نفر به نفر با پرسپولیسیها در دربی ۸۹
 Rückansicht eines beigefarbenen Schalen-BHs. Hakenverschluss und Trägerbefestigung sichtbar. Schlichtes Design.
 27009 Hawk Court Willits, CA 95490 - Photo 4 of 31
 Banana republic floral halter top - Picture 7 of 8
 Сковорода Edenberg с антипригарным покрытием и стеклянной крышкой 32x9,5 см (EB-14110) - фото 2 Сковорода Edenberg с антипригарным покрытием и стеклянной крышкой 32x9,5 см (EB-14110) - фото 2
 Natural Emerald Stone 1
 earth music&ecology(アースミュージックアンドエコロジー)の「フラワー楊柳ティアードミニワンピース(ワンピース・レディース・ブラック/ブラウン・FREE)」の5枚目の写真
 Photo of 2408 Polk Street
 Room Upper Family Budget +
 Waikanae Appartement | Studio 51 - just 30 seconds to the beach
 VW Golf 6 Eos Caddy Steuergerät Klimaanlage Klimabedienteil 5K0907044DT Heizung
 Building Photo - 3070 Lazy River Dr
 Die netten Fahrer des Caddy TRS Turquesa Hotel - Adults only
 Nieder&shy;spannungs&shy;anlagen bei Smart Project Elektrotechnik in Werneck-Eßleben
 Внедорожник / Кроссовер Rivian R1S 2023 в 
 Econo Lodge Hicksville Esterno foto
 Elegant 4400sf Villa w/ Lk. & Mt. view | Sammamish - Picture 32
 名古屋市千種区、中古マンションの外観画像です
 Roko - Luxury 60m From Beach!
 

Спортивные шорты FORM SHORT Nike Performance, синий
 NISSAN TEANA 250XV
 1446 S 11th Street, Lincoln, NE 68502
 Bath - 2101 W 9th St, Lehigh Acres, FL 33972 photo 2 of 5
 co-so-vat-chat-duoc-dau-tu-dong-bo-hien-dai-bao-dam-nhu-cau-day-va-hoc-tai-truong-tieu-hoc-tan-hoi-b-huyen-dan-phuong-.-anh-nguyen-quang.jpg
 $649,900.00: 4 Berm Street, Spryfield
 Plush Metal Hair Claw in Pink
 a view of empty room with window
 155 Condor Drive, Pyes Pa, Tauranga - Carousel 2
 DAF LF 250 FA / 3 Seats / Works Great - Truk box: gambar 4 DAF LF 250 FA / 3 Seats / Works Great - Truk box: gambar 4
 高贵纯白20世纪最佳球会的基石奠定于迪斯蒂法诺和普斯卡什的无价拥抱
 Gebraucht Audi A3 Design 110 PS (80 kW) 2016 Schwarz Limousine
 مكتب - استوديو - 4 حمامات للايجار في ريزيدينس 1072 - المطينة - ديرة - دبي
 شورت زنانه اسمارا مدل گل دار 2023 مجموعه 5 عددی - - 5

**Assigned task**
Every line from the first entry to the line containing "фото 2 Сковорода" should be transcribed exactly, and nothing beyond it.

**Solution for this exercise**
نفر به نفر با پرسپولیسیها در دربی ۸۹
 Rückansicht eines beigefarbenen Schalen-BHs. Hakenverschluss und Trägerbefestigung sichtbar. Schlichtes Design.
 27009 Hawk Court Willits, CA 95490 - Photo 4 of 31
 Banana republic floral halter top - Picture 7 of 8
 Сковорода Edenberg с антипригарным покрытием и стеклянной крышкой 32x9,5 см (EB-14110) - фото 2 Сковорода Edenberg с антипригарным покрытием и стеклянной крышкой 32x9,5 см (EB-14110) - фото 2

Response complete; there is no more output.